The answer must consist only of the lines in the records below from the line with "BMW 3-Series Saloon" to the line with "Seat Leon 2022", both included, copied word for word with every picture left out.

━━ Data shown ━━

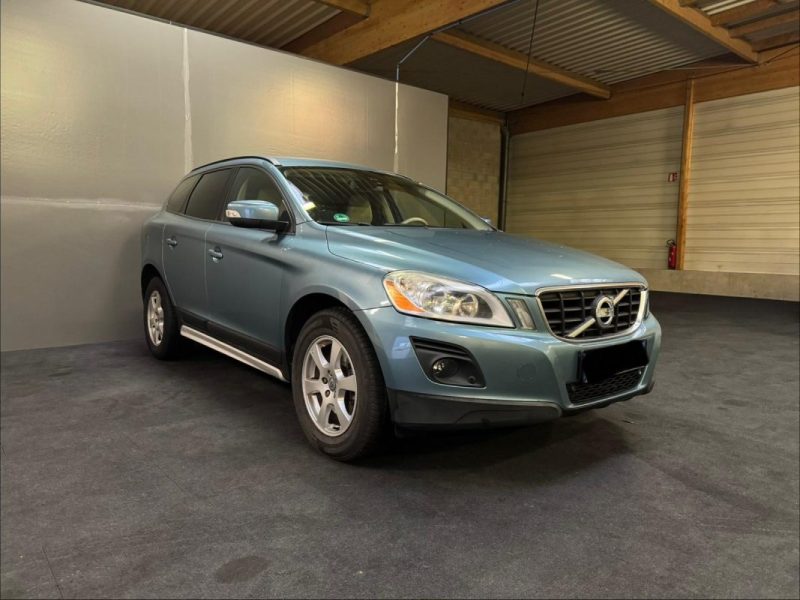 Volvo XC60 T6 AWD SUMMUM 285cv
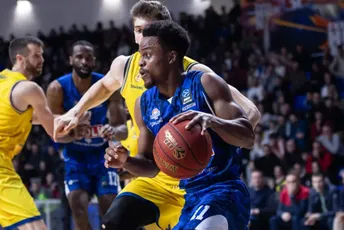 Gran Kanarija nemoćna u "Morači", šteta je što Podgoričani ne idu u nokaut-fazu Gran Kanarija nemoćna u "Morači", šteta je što Podgoričani ne idu u nokaut-fazu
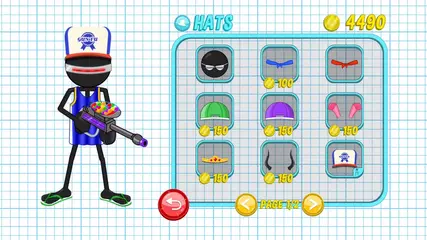 Gun Fu: Stickman 2 trailer (censored)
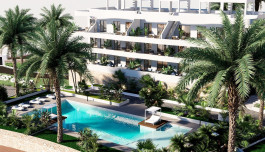 Apartment in Finestrat, Spain, Golf piug campana area, 2 bedrooms, 68 m2 - #RSP-N8214 image 3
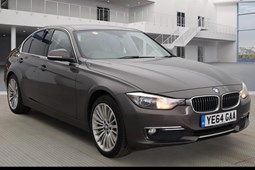 BMW 3-Series Saloon (12-19) 320d Luxury 4d Step Auto For Sale - Highway Sales Ltd, Birmingham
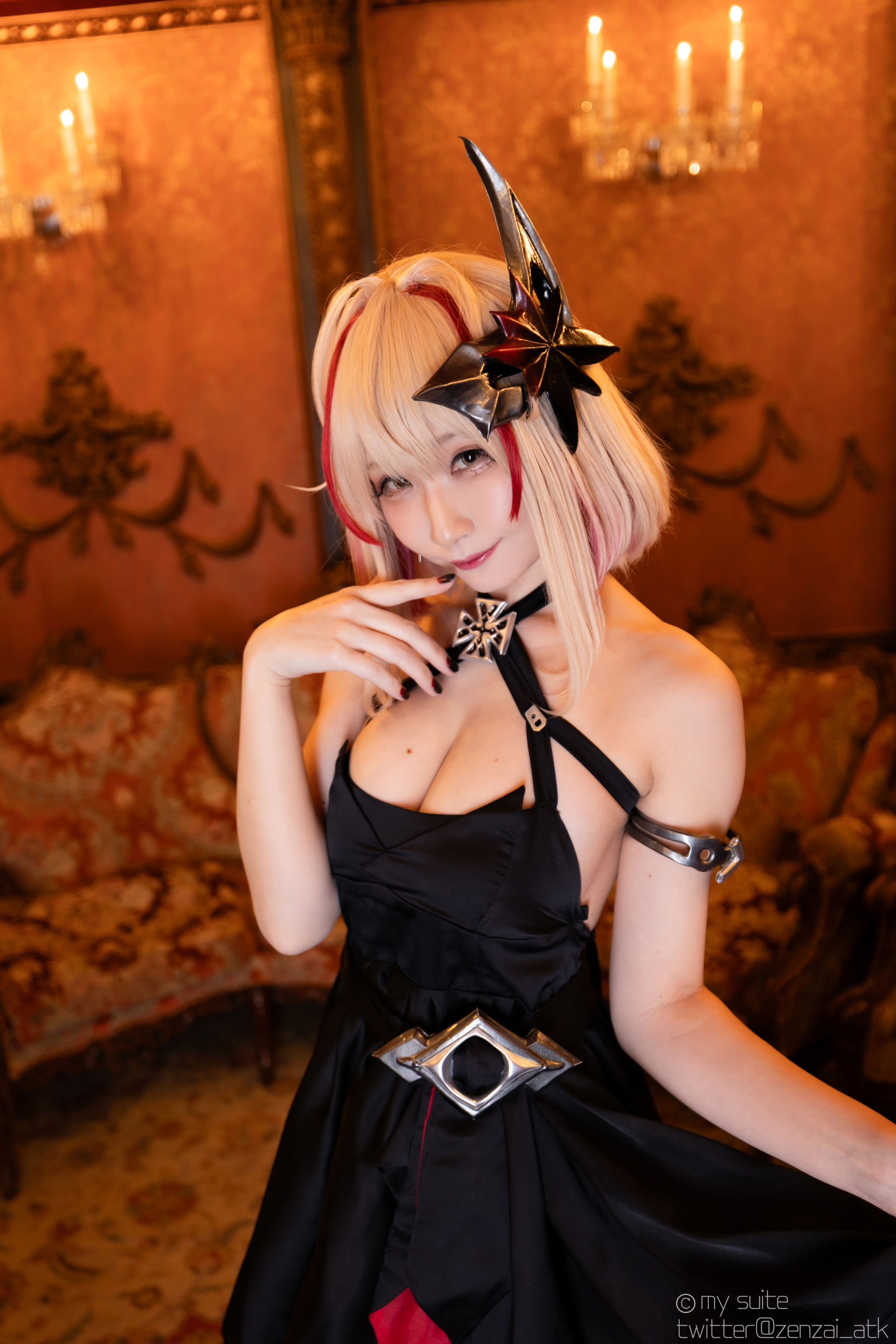 [Cosplay] [my suite] Atsuki あつき - SUITE LANE 23 スイートレーン23 (Azur Lane)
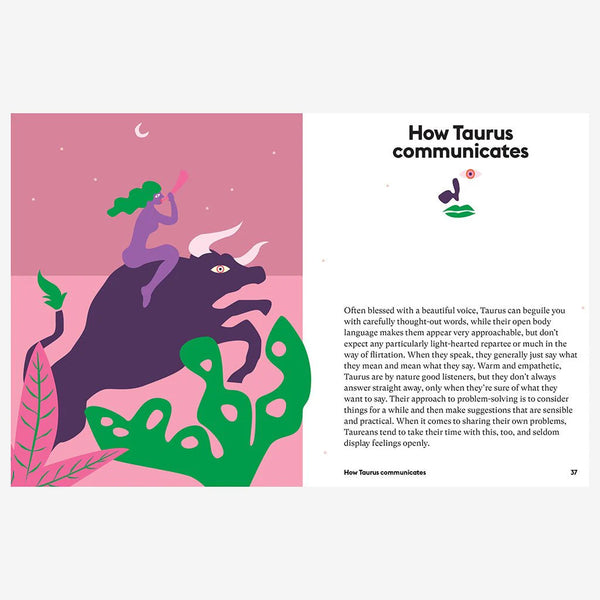Taurus: Astrology Book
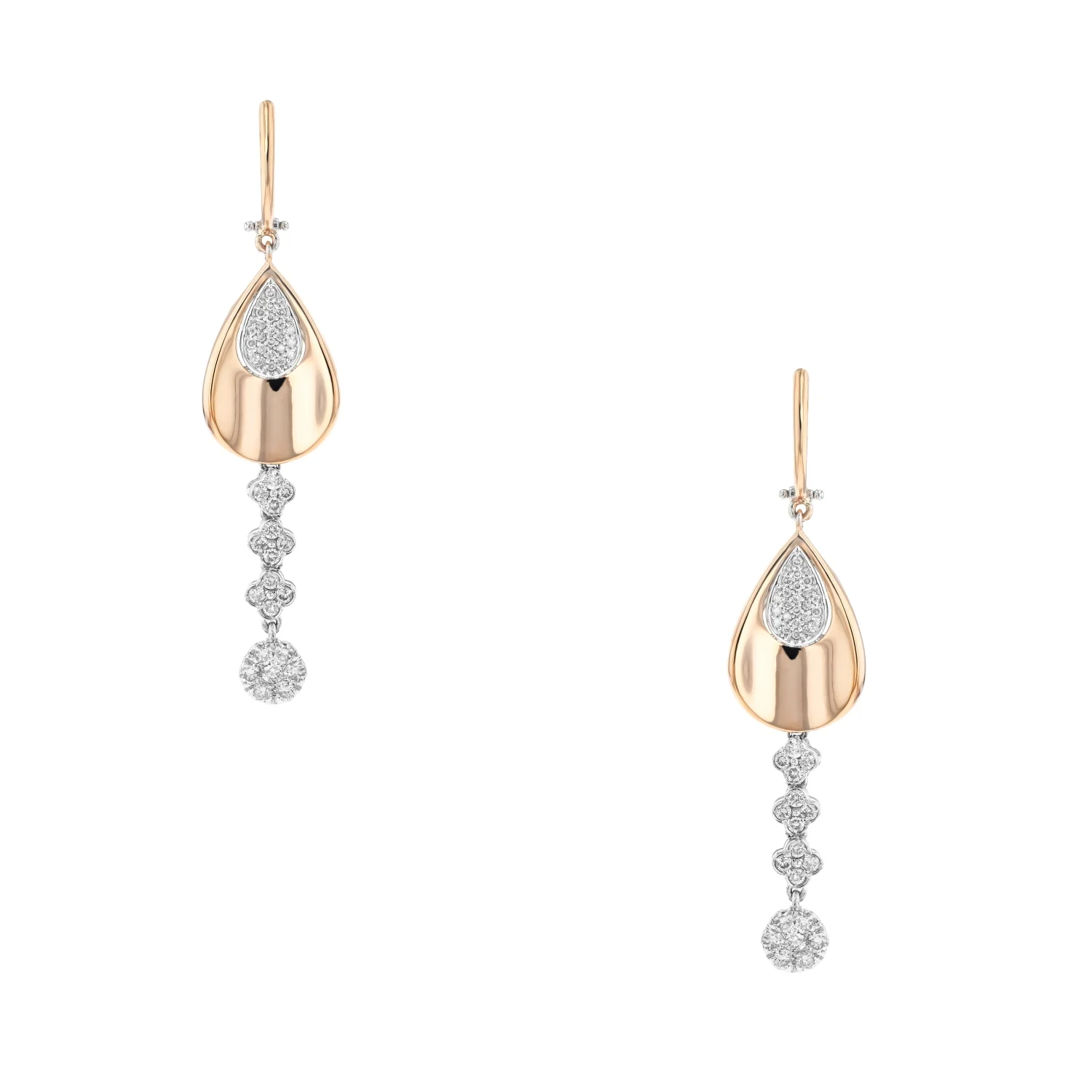 1.20CT Diamond Earring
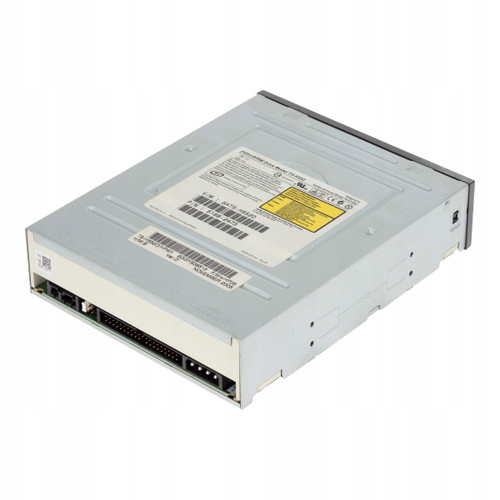 Samsung TS-H552D WriteMaster 16x/8x DVD+/-RW Internal Drive, supports DVD+R DL, ATA-33, 5.25-inch, 2MB cache.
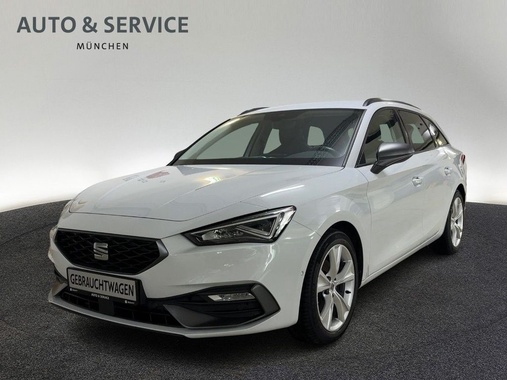 Seat Leon 2022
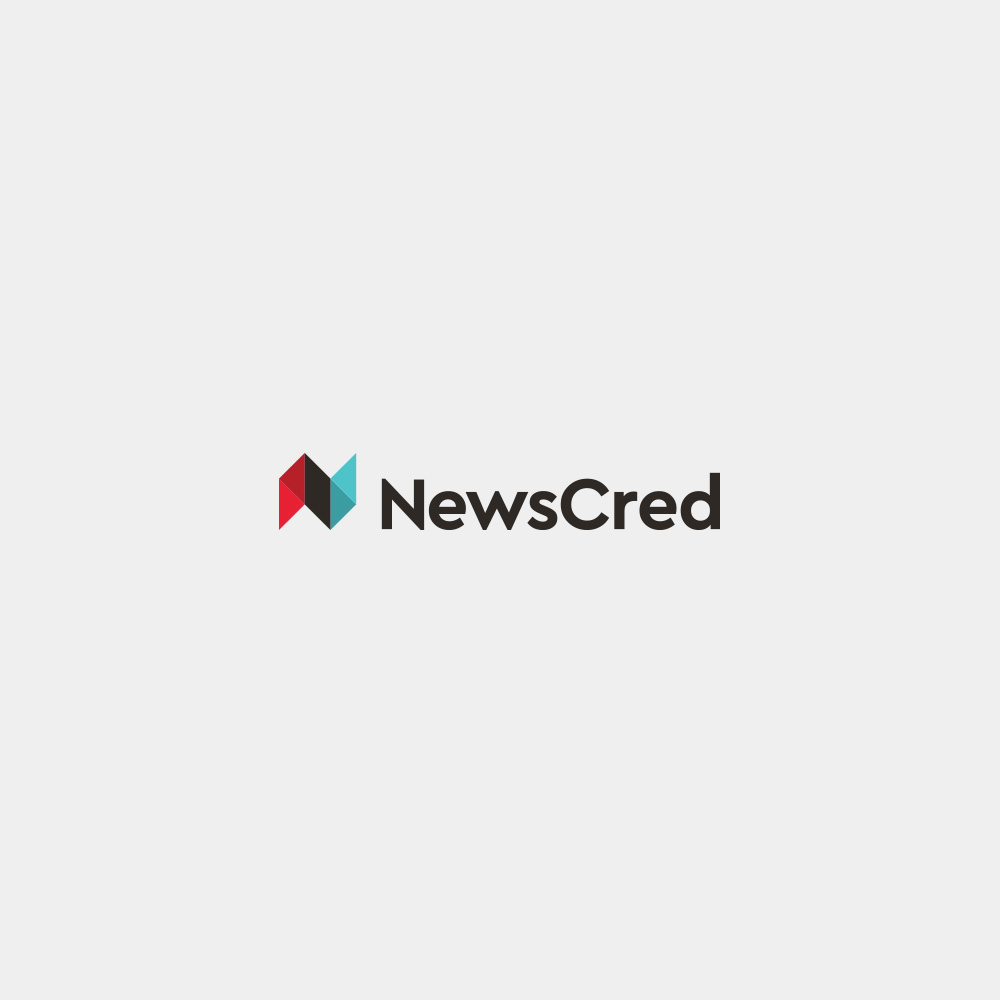 Logo for NewsCred
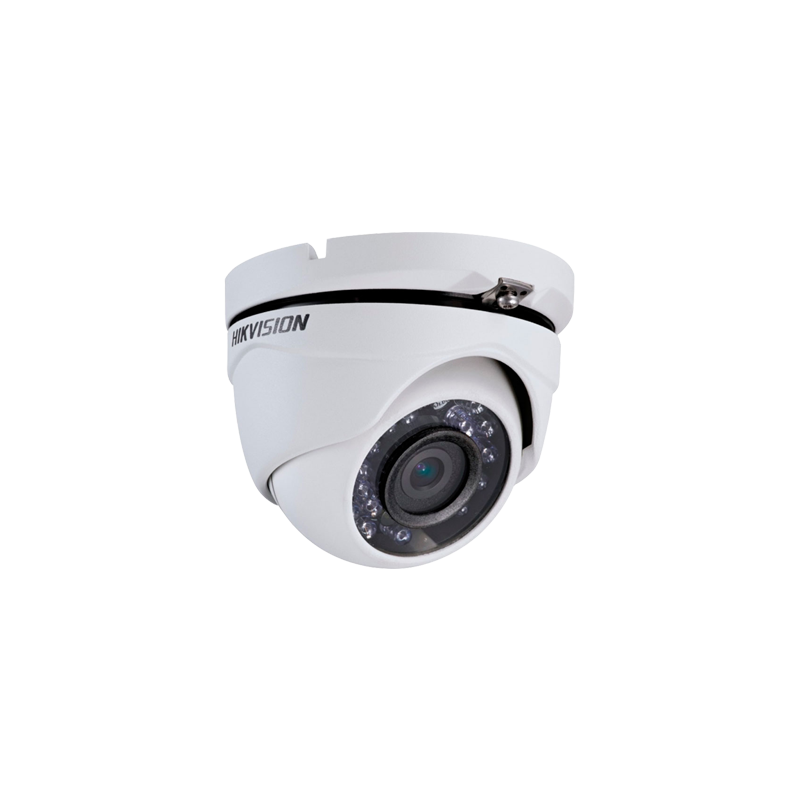 Camera bán cầu ngoài trời TVI 1MP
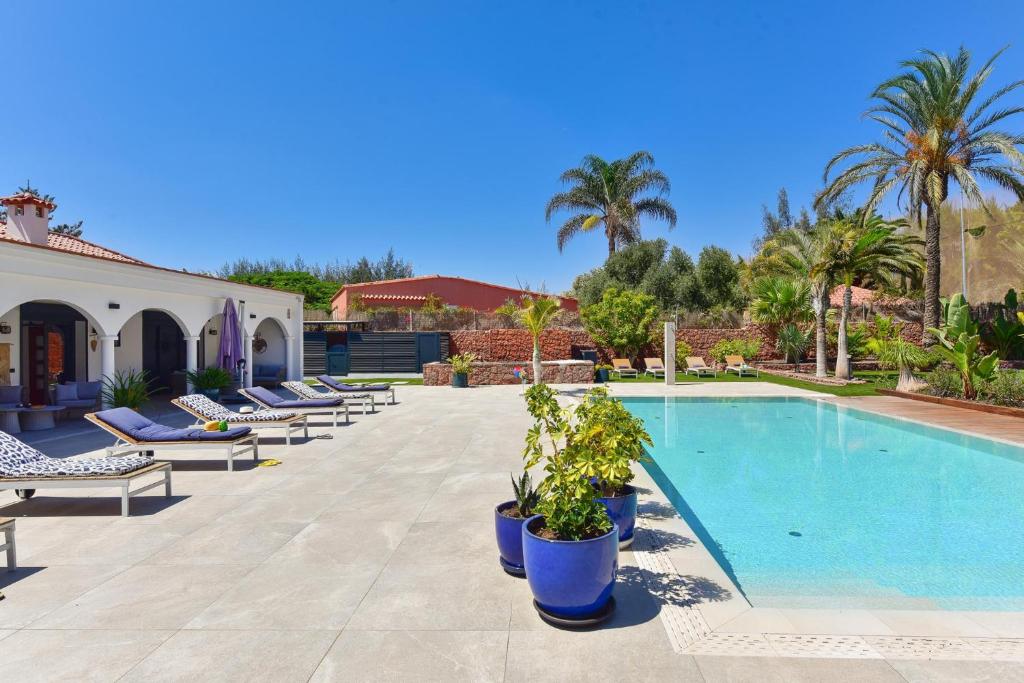 Armonia Oasis DeLuxe by VillaGranCanaria - 3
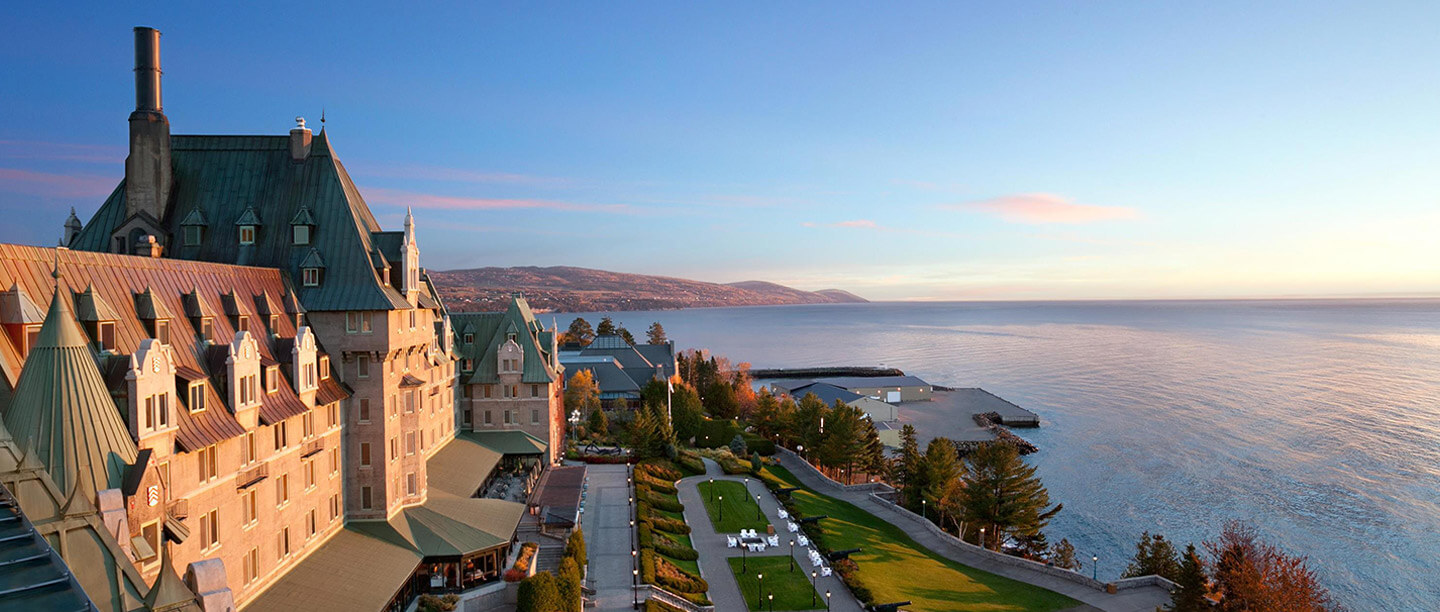 Photo of Fairmont Le Manoir Richelieu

━━━

Worked solution:
 BMW 3-Series Saloon (12-19) 320d Luxury 4d Step Auto For Sale - Highway Sales Ltd, Birmingham
 [Cosplay] [my suite] Atsuki あつき - SUITE LANE 23 スイートレーン23 (Azur Lane)
Taurus: Astrology Book
 1.20CT Diamond Earring
 Samsung TS-H552D WriteMaster 16x/8x DVD+/-RW Internal Drive, supports DVD+R DL, ATA-33, 5.25-inch, 2MB cache.
 Seat Leon 2022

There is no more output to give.